As an example, Parsard offered the 1929 short story “Triumph” by writer and activist C. L. R. James, the Beacon Group’s most prominent member. Mamitz, the protagonist, initially destitute and abandoned by a friend, attracts the attention of two new men who pay her debts and provide food and gifts. Mamitz’s jealous neighbor Irene tells the men about one another, threatening to unravel everything. But Mamitz triumphs, reconciling with both men.
Parsard emphasized that the friending plot depends on friendship (in a traditional sense) among women: women offer one another stability that friending does not provide. Mamitz’s best friend, Celestine, supports her when her friend leaves her and advocates for her after Irene’s betrayal. Mamitz in turn shares gifts from her male friends with the other barrack-yard women (except for Irene). As Parsard explained, Mamitz’s “triumph is not only in [her] gain, but also that hers are wages for friends.”

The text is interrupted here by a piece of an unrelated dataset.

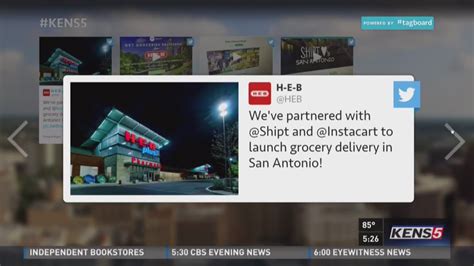 HEB using apps to launch home grocery delivery | kens5.com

Working together, these women enjoy pleasure and freedom they cannot imagine finding in marriage. Concluding her talk, Parsard quoted Celestine’s reaction when asked whether she plans to marry: comparing marriage to slavery, Celestine affirms, “I all right as I be.” —C. C.
The gilded page
Calling the present a “new gilded age,” Humanities Day keynote speaker Kenneth Warren, the Fairfax M. Cone Distinguished Service Professor of English, examined how contemporary novels portray social relations under conditions of extreme inequality. In his talk “Wealth, Inequality, and the Novel,” Warren questioned whether our capitalist reality is subject to the techniques and ambitions of the classic novel.
Writers in the realist tradition, he said, have aspired to a “super vision” describing life at all levels of society and the connections between levels. But the books he discussed draw an “absolute disjuncture” between the experience of the ultrawealthy and that of the rest. In such a world, novelists have little hope of grasping the totality of society, even as success could transport them to the other side.
In Emily St. John Mandel’s The Glass Hotel (Knopf, 2020) and John Lanchester’s 2012 novel Capital (W. W. Norton), Warren showed, the lives of characters who reside outside “the country of money” are neither seen nor seeable by the very rich. Smitty, a wealthy artist in Capital, wishes he could call all his assistants “Nigel” to smooth out their pesky individuality. A newly rich character in The Glass Hotel stops seeing her bodyguards at all. For St. John Mandel, Warren added, “the barrier goes both ways”: the unrich understand the rich as “avatars of extreme wealth” rather than as people.
Warren, who studies American and African American literature from the 19th century on, is the author of So Black and Blue: Ralph Ellison and the Occasion of Criticism (University of Chicago Press, 2003). Comparing social invisibility in Ellison’s Invisible Man (Random House, 1952) with that in The Glass Hotel and Capital, he noted that the invisibility of Ellison’s unnamed narrator to the White world is based on the perceivers’ prejudices about the perceived—it “has an act of refusal at its core.” In the later novels, the fog envelops entire social positions. It’s arguably bleaker, a systematic unseeing of entire social positions, whether prejudice comes into it or not. In “a world fractured by a dramatic upward distribution of wealth,” Warren reflected, the novel form itself appears diminishingly able to offer “the possibility of a commonality of experience.”—L. D.